Чтоб не думать, он пошел к Варавке, спросил, не нужно ли помочь ему? Оказалось – нужно. Часа два он сидел за столом, снимая копию с проекта договора Варавки с городской управой о постройке нового театра, писал и чутко вслушивался в тишину. Но все вокруг каменно молчало. Ни голосов, ни шороха шагов.

На восходе солнца Клим стоял под ветлами у мельничной плотины, слушая, как мужик с деревянной ногой вполголоса, вдохновенно рассказывает:

– Сом – кашу любит; просяная али, скажем, гречушная каша – это его самая первая любовь. Сома кашей на что хотите подкупить возможно.

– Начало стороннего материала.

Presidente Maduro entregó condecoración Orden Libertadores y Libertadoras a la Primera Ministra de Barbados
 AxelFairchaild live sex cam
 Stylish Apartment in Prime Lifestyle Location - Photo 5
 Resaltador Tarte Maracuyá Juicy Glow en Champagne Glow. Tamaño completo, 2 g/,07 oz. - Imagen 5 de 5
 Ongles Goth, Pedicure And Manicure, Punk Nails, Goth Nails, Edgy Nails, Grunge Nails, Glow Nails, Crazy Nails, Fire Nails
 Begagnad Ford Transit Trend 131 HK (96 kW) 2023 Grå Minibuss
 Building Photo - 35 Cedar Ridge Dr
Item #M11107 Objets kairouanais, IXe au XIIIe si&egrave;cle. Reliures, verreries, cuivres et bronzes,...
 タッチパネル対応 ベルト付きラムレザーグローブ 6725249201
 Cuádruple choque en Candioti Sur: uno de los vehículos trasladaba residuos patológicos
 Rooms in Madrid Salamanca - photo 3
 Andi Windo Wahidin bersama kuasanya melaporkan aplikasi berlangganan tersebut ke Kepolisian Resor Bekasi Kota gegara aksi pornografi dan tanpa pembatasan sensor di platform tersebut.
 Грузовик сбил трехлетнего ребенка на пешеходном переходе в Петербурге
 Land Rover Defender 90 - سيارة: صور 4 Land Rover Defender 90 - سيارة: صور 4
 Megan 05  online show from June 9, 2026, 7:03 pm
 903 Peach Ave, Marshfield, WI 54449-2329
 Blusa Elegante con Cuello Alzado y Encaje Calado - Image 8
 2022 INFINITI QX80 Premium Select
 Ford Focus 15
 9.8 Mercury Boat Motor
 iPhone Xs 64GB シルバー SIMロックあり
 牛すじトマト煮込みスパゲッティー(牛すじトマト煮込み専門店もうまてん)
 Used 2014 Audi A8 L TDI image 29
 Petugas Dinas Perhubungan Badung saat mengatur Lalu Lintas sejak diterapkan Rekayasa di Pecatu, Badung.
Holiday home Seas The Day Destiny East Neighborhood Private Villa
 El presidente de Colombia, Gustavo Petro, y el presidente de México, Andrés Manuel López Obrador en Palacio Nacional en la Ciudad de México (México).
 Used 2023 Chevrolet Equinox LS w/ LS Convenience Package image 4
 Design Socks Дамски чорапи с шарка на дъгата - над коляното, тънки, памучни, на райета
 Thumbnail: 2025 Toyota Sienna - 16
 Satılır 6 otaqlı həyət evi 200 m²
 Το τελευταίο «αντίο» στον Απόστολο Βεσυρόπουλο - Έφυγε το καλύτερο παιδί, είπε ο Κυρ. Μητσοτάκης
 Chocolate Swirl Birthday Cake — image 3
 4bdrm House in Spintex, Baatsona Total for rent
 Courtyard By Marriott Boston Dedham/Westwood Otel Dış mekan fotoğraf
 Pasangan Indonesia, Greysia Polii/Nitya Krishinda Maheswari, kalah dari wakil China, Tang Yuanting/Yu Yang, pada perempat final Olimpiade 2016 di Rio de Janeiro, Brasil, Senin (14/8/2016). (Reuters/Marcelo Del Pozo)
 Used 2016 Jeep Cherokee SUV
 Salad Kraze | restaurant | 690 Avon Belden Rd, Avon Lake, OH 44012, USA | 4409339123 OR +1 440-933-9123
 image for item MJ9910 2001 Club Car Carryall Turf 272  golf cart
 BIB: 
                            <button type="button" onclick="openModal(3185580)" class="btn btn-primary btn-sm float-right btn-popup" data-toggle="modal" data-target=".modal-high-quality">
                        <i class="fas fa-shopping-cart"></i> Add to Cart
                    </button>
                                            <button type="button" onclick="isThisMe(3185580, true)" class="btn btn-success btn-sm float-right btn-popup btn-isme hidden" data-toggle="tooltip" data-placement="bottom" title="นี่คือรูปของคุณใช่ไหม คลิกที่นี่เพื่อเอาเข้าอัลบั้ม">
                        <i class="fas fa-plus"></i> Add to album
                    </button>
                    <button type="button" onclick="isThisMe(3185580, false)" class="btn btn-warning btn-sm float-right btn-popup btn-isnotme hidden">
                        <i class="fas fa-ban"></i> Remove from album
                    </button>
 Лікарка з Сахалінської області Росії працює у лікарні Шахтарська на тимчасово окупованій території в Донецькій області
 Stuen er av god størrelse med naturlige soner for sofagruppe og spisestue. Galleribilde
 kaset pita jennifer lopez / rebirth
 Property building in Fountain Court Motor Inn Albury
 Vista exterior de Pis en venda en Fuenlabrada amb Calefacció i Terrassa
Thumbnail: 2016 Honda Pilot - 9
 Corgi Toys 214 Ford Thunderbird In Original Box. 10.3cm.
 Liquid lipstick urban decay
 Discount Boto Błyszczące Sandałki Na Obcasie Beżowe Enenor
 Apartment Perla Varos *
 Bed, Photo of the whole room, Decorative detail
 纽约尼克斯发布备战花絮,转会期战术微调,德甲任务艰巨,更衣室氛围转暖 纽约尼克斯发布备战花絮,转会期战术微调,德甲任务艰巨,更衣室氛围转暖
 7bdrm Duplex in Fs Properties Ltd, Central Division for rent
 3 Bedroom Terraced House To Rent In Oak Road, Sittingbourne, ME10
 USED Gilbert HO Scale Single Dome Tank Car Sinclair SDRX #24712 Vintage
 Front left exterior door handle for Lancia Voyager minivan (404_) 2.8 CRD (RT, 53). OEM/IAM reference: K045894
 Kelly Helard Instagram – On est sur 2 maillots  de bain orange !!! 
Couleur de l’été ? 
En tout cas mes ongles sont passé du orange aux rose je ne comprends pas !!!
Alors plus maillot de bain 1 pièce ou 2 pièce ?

Деревяшка мужика углубилась в песок, он стоял избочась, держался крепкой, корявой рукою за обломок сучка ветлы, дергал плечом, вытаскивая деревяшку из песка, переставлял ее на другое место, она снова уходила в сыпучую почву, и снова мужик изгибался набок.

– Каши ему дали, зверю, – говорил он, еще понижая голос. Меховое лицо его было торжественно, в глазах блестела важность и радость. – Каша у нас как можно горячо сварена и – в горшке, а горшок-то надбит, понимаете эту вещь?

Он подмигнул Лютову и обратился к Варавке, почти величественному в халате вишневого цвета, в зеленой, шитой золотом тюбетейке и пестрых сафьяновых сапогах.

– Он, значит, проглотит горшок, а горшок в брюхе у него, надбитый-то, развалится, и тут начнет каша кишки ему жечь, понимаете, ваше степенство, эту вещь? Ему – боль, он – биться, он – прыгать, а тут мы его…

Лучи солнца упирались в лицо Варавки, он блаженно жмурился и гладил ладонями медную бороду свою.